Don’t pretend podcasts are the granola bars in our media diet

modern phenomena; we die in it. But we don’t always have to put up with it, do we? There are things we can – no, must – resist. This week Emma is resisting podcasts all day long.

Emma CurversOctober 13, 20224:00 pm

This week a colleague proudly showed me a kind of open headset with which you can listen to podcasts and hear the outside world. I was in two minds while testing the device: 1. This coworker is probably going to burn out soon and 2. I need this immediately. Like seven million other Dutch people, I have been an avid podcast listener for some years now, but even if I would listen to all unsolicited podcast tips day and night with this device at double speed, I would still not cut a hole in the listening list.

At the beginning of the podcast revolution, it all seemed so beautiful. In every waking moment that I had to be physically present, but mentally preferred not to be, I was skipping audio. While sorting the laundry, I learned about the tragic existence of Marilyn Monroe, while vacuuming, I lay in the trenches of World War I, and while running, I learned about the horrors of the Bolsonaro regime. I told myself I was getting wiser by the minute, a trivia queen in the making. Just hope that The smartest person would call me soon.

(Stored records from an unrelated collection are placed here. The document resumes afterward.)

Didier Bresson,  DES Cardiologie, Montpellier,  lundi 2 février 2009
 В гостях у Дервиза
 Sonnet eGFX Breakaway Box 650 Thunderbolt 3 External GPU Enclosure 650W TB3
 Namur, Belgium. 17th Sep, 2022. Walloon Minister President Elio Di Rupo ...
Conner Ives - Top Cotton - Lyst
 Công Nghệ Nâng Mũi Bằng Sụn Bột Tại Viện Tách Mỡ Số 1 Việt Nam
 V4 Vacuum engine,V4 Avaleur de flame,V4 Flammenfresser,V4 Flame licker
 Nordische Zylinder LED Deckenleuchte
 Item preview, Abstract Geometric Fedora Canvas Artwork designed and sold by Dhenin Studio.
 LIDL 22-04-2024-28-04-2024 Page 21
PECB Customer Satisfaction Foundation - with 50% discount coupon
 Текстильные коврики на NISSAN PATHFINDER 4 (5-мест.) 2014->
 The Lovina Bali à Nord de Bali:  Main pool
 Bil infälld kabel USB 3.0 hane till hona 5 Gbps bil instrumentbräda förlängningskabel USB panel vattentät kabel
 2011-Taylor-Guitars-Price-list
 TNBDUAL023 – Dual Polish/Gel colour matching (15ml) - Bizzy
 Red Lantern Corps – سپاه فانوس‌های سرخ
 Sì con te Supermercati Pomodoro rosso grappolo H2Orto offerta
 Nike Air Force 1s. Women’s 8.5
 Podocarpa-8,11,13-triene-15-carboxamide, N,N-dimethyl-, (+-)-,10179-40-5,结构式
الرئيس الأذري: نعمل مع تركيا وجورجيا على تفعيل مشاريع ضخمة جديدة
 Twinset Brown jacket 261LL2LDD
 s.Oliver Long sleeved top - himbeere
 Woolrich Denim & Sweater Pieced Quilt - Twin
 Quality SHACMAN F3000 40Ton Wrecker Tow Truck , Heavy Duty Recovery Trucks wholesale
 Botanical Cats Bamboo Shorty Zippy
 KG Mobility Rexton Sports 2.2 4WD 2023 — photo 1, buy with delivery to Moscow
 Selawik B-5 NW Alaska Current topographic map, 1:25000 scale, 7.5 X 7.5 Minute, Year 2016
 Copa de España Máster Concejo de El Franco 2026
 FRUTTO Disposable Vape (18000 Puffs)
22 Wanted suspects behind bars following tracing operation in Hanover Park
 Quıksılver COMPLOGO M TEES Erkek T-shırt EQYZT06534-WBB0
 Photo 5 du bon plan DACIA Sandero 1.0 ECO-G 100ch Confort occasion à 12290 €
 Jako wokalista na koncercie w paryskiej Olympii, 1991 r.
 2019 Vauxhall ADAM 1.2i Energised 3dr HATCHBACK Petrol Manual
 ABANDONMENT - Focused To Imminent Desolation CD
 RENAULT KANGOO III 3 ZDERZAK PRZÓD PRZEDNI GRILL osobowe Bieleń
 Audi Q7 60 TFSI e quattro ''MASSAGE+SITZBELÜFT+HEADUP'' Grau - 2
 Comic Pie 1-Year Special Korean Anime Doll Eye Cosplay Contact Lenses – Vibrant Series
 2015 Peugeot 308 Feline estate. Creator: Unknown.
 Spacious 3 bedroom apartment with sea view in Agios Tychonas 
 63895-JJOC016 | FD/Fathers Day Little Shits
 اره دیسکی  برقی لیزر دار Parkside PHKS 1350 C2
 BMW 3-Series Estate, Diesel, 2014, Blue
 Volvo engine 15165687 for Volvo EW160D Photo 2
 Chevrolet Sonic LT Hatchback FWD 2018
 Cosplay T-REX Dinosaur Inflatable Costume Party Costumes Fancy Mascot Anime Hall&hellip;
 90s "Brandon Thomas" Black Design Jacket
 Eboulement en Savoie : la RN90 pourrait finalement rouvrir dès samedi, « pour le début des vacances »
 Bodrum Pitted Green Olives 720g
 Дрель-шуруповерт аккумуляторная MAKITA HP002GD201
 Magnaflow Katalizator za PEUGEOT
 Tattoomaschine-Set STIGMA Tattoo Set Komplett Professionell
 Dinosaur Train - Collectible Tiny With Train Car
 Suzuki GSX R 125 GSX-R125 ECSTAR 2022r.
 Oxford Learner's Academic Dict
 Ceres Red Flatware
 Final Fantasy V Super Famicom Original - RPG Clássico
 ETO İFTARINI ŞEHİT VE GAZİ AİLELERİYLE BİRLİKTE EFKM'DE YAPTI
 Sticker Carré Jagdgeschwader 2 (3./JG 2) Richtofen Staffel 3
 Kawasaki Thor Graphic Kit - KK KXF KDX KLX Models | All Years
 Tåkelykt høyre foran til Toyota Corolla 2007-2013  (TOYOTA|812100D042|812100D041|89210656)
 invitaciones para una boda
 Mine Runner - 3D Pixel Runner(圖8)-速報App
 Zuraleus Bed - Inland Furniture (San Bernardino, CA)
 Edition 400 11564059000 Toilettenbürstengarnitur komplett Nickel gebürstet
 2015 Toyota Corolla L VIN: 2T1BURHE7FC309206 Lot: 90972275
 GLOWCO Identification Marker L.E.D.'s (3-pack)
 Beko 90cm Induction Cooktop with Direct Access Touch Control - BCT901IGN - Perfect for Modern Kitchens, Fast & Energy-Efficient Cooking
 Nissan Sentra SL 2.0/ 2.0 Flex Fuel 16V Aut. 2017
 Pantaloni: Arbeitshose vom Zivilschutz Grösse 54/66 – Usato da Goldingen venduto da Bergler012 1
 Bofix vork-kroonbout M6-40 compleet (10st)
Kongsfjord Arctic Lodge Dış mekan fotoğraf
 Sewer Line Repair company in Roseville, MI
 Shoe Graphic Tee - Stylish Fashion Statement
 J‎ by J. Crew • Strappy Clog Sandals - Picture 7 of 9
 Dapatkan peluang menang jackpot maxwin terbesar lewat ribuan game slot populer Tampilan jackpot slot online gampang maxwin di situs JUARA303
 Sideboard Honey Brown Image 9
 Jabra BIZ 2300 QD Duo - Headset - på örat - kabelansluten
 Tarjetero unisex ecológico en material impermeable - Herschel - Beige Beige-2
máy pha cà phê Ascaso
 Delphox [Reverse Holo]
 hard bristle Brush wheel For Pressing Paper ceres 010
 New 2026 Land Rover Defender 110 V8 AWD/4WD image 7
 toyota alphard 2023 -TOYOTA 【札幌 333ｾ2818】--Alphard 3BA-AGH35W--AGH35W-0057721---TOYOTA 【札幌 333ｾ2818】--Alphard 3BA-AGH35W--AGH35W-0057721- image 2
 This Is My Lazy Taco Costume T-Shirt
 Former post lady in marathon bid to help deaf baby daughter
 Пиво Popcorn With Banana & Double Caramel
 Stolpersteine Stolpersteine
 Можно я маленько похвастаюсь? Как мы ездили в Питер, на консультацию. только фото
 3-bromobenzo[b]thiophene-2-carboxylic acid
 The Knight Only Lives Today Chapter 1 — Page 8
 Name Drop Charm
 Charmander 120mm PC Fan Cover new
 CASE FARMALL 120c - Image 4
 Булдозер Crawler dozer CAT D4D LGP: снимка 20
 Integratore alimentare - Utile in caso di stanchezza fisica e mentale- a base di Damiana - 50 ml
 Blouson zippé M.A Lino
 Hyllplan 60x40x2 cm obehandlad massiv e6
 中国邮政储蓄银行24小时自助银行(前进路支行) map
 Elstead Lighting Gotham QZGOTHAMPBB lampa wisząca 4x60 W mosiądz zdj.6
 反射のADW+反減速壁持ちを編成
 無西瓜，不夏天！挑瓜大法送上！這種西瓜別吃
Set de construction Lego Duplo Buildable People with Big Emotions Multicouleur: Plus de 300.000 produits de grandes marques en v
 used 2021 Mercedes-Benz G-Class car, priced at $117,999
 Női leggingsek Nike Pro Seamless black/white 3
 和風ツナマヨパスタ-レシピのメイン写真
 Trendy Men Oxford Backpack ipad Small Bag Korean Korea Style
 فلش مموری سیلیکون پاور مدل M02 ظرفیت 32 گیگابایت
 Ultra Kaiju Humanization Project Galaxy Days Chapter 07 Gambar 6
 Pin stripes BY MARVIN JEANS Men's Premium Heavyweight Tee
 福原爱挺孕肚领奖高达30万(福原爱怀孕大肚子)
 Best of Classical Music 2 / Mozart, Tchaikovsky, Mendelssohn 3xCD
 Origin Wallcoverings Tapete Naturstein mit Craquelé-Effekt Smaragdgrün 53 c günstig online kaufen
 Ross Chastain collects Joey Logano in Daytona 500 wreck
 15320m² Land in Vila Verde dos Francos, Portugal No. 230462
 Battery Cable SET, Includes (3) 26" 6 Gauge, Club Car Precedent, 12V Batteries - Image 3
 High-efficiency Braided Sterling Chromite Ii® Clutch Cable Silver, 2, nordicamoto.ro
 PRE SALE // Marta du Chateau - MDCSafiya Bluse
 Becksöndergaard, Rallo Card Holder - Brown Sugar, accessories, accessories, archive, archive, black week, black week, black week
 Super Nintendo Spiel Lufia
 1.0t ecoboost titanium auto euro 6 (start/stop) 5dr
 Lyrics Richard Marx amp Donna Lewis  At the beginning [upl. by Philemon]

Listening time doesn’t carry the guilt of its evil cousins ​​scroll time and screen time. Podcasts have an unmistakable intellectual aura, you picture yuppies wearing sophisticated headphones on matte black e-bikes. We all act like the podcast is the granola bar of the media. If you can choose from the newspaper (sourdough bread, extra coarse-grained), Instagram (bag of Hamka’s), TikTok (fried Snickers) or a podcast, then you choose the podcast. But why actually? Because it’s not about looking, it’s just about listening? Podcasts are of course not necessarily superior in content. At the peak of the podcast revolution, there were also plenty of plofcasts: hatseflats put together, watery, low nutritional value.

In addition: all your commute, every household chore, every hour on the stairmaster with audio must have dark sides, right? In the 1950s, people were terrified of the devastating effects TV would have on our lives. They then put thousands of children in front of televisions for thousands of hours to prove that those children were destroyed by it. I am not in favor of a moral panic about technological developments, but we know very little about audio – probably because it is not ethical to let test subjects listen to Marcel van Roosmalen, Gijs Groenteman, Maarten van Rossem and Jort Kelder for thousands of hours.

While we know from numerous studies, if you do two things at the same time, you do them both poorly. For example, many people listen to podcasts while exercising. Now one of the great things about sports is that it brings the head and body together. But if you turn on a podcast, your head leaves and your body continues, like a worm that has been cut through. Podcast time is split time.

What makes podcasts so intimate, such an excellent escape from mundane tasks, makes them insidious at the same time. Suddenly I am in the supermarket. Why are there frozen sandwiches in my shopping basket? Did I steal this celery from the self-scan? What is that cashier trying to tell me? If only I had special headphones that would allow me to hear her and listen to this podcast about a murder mystery in rural America. A bad idea, but someone has to prove how bad exactly.